In other words, the camera-1’s space is regraded as the world space. Thus, the extrinsics of cam1 is [𝐈|0], and cam2’s extrinsics is [𝐑|𝐭].
-
Note: In this setting, the co-observed 3D point 𝐐’s coordinates aren’t given, so the plane {𝐧,d} is necessary to derive the crucial z-coordinate of 𝐐.
-
Supp: A plane in a 3D space can be defined by its normal vector 𝐧 (a,b,c) and a point 𝐐 (x,y,z) located on it as: $𝐧𝐐 = 0$ (12.5: Equations of Lines and Planes in Space).
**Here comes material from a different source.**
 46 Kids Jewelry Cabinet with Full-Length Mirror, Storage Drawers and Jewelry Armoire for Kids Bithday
$$ 𝐧⋅𝐐 = (a,b,c) (x-x₀, y-y₀, z-z₀) \\ = ax-ax₀+by-by₀+cz-cz₀ = 0 $$
- where (x₀,y₀,z₀) is the “origin”.
-
If the plane is displaced from the origin along its normal vector by distance $d$, the plane is $𝐧𝐐-d=0$. (Plane Equation - Song Ho)
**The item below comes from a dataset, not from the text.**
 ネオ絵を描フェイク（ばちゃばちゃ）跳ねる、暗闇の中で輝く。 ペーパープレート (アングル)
$$ 𝐧⋅𝐐 = (a,b,c) (x-da-x₀, y-db-y₀, z-dc-z₀) \\ = ax-ax₀+by-by₀+cz-cz₀ -d = 0 $$
Thus, 𝐐 can be determined by 𝐧 and d.
The normal vector 𝐧 uses coordinates in the camera-1, as it’s used to locate the point 𝐐 observed by camera-1.
Within the camera-1 space, the distance from the camera center 𝐂₁ to the plane can be expressed as the inner product of $𝐐$ (or $𝐂₁𝐐$) and $𝐧$
$$ d = 𝐧ᵀ⋅𝐐 = 1⋅|𝐐|⋅cosθ $$
-
If 𝐧 points towards the side with the camera-1, then θ is larger than 90°, so d is negative. Thus, a minus sign will be added.
In MVSNet, all preset depth planes are parallel to the reference camera, so 𝐧 represented in the reference camera space is $(0,0,-1)ᵀ$, and $𝐧 𝐑_{ref}$ (i.e.,
fronto_direction) is the opposite z-axis of $𝐑_{ref}$ (extrinsics) in the world space.
If $d$ and $𝐧$ are known, the coordinate of 𝐐 under camera-1 space can be written as:
If $d$ and 𝐧 are known, although there is $𝐐 = \frac{d}{𝐧ᵀ}$, the 𝐐=(Qx,Qy,Qz)ᵀ can’t be determined uniquely based on it alone. Because there are 3 unkonwns with only 1 constraint, there is infinitely many solutions.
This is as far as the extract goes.